2) How long have women had the opportunity to enter Oxbridge?
3) What’s the difference between Oxbridge and Redbrick universities?
4) Where do people graduated from Oxbridge work?
TEXT:
For seven hundred years two universities dominated in British education, and today they dominate more then ever, with fame enhanced by their isolation, and their sheer hypnotic beauty. Like Dukes, Oxford and Cambridge preserve an antique way of life in the midst of the twentieth century. Oxford and Cambridge have always provided a large number of permanents secretaries (White-hall civil servants), members of Parliament, and of the vice-chancellors of the universities. The students of Oxbridge make up, from the outside, at least, one of the most elite in the world. Less than one per cent of Britain's population goes to Oxbridge but, once there, industry and government woo them. AB.A. (Oxford) or BA (Cambridge) is quite different from an ordinary BA.
Oxbridge is only in session half the year, and the universities adjourn for four months in the summer - a relic from medieval times, when scholars had to bring in the harvest.
Slowly the population of Oxford and Cambridge has been changing.

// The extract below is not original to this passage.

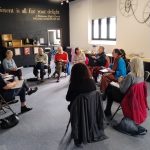 Our Freedom Workshop at Kirkgate Arts and Heritage A group of people in the Kirkgate Centre's Egremont room. they're sitting on chairs in a circle listening to one of the group talking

In the nineteenth century it was a mixture of some boys who were poor and clever, and others who were rich and idle. Only since in 1870s women have been admitted, and the women's colleges constitute only 12 per cent of the Oxbridge population, so that competition to reach them is fierce: at St Anne's, Oxford, only a small per cent of the candidates are chosen - mainly on the results of the written examinations.
The division between Oxbridge and Redbrick is sharp. It's absurd that four-fifth of undergraduates should be made to feel that they're inferior for life. In the civil service, politics and law there has been no visible breach in the supremacy of Oxbridge graduates. The division is essentially a class one. While a large per cent of Oxbridge undergraduates come from public schools, very few of Redbrick do: many public school boys would rather go straight into business, into the services foreign university, than go to a Redbrick university: they prefer no degree to a Redbrick degree.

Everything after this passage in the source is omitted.